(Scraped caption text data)
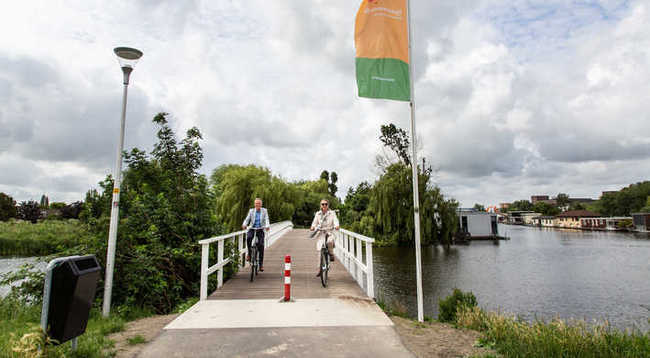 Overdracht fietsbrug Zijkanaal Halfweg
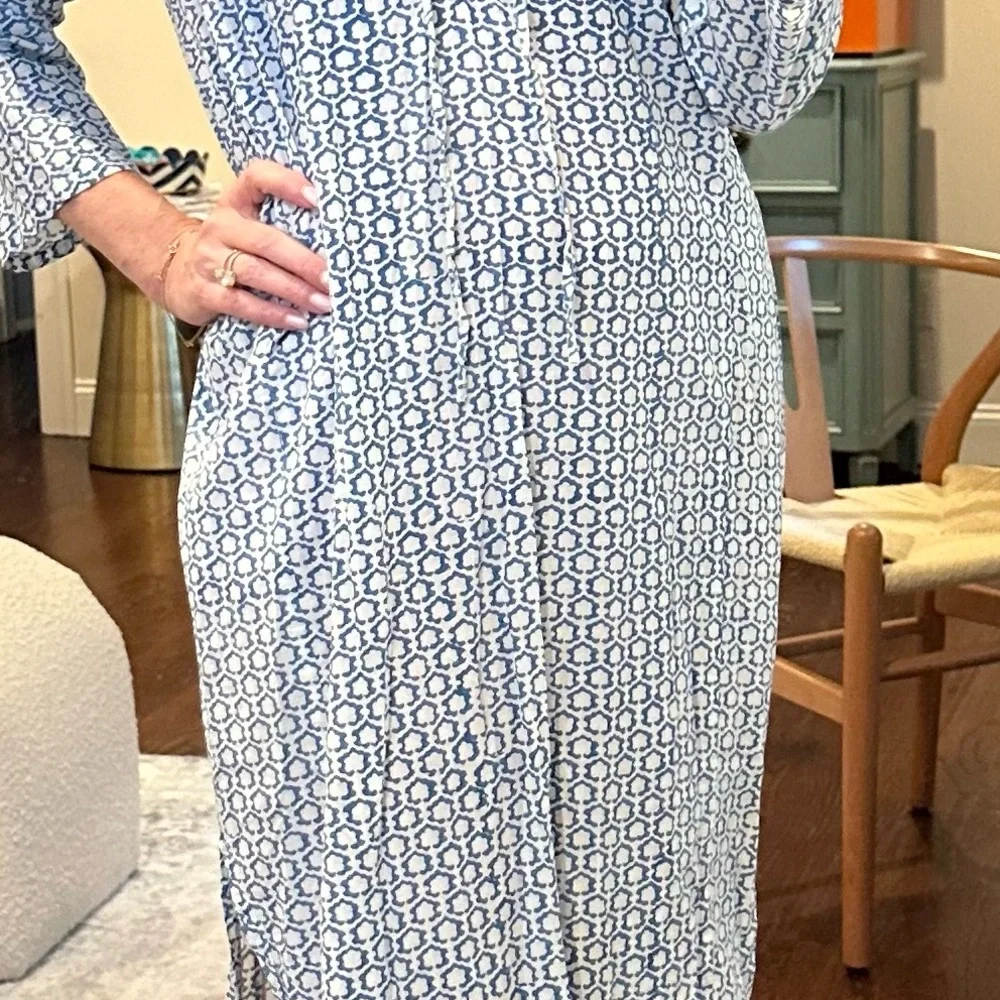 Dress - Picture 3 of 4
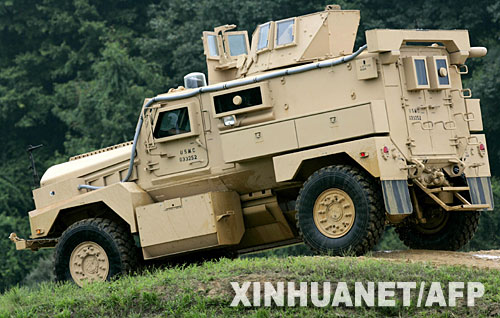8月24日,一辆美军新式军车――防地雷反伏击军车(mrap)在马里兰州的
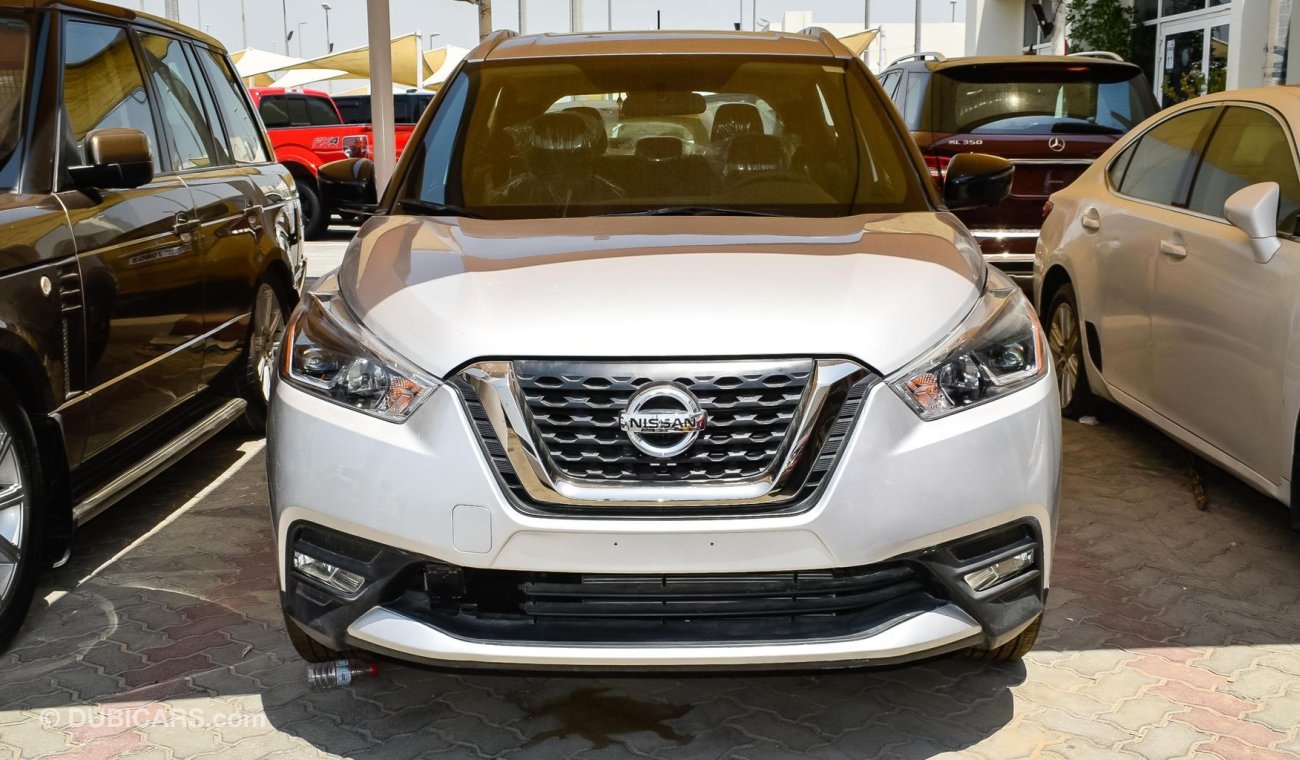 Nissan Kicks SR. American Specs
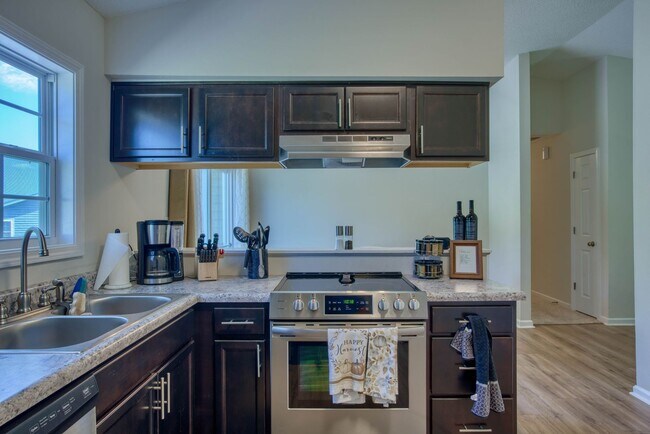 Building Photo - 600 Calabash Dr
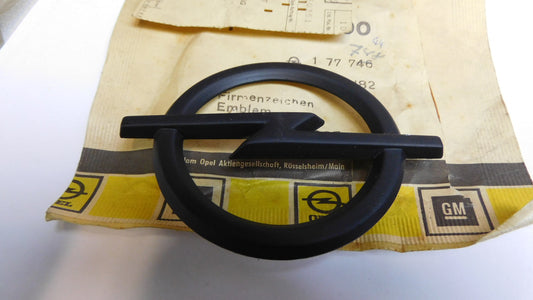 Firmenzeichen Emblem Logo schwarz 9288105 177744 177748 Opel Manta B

---

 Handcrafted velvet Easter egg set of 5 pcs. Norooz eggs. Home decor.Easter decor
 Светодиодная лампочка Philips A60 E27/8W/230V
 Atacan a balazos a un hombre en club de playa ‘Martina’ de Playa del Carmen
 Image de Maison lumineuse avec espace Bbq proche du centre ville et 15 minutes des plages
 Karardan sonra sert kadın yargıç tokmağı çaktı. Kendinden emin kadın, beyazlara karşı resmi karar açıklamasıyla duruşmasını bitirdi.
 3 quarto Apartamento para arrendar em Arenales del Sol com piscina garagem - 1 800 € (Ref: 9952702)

---

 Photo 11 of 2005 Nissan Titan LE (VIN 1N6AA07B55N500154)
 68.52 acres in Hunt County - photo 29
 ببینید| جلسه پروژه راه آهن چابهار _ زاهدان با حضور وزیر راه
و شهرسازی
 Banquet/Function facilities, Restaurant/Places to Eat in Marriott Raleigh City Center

• [Problem]:
Taking the records above, print only and exactly the lines from the line with "Overdracht fietsbrug Zijkanaal Halfweg" to the line with "Firmenzeichen Emblem Logo", both kept, and exclude pictures.

• [Answer to this problem]:
 Overdracht fietsbrug Zijkanaal Halfweg
 Dress - Picture 3 of 4
8月24日,一辆美军新式军车――防地雷反伏击军车(mrap)在马里兰州的
 Nissan Kicks SR. American Specs
 Building Photo - 600 Calabash Dr
 Firmenzeichen Emblem Logo schwarz 9288105 177744 177748 Opel Manta B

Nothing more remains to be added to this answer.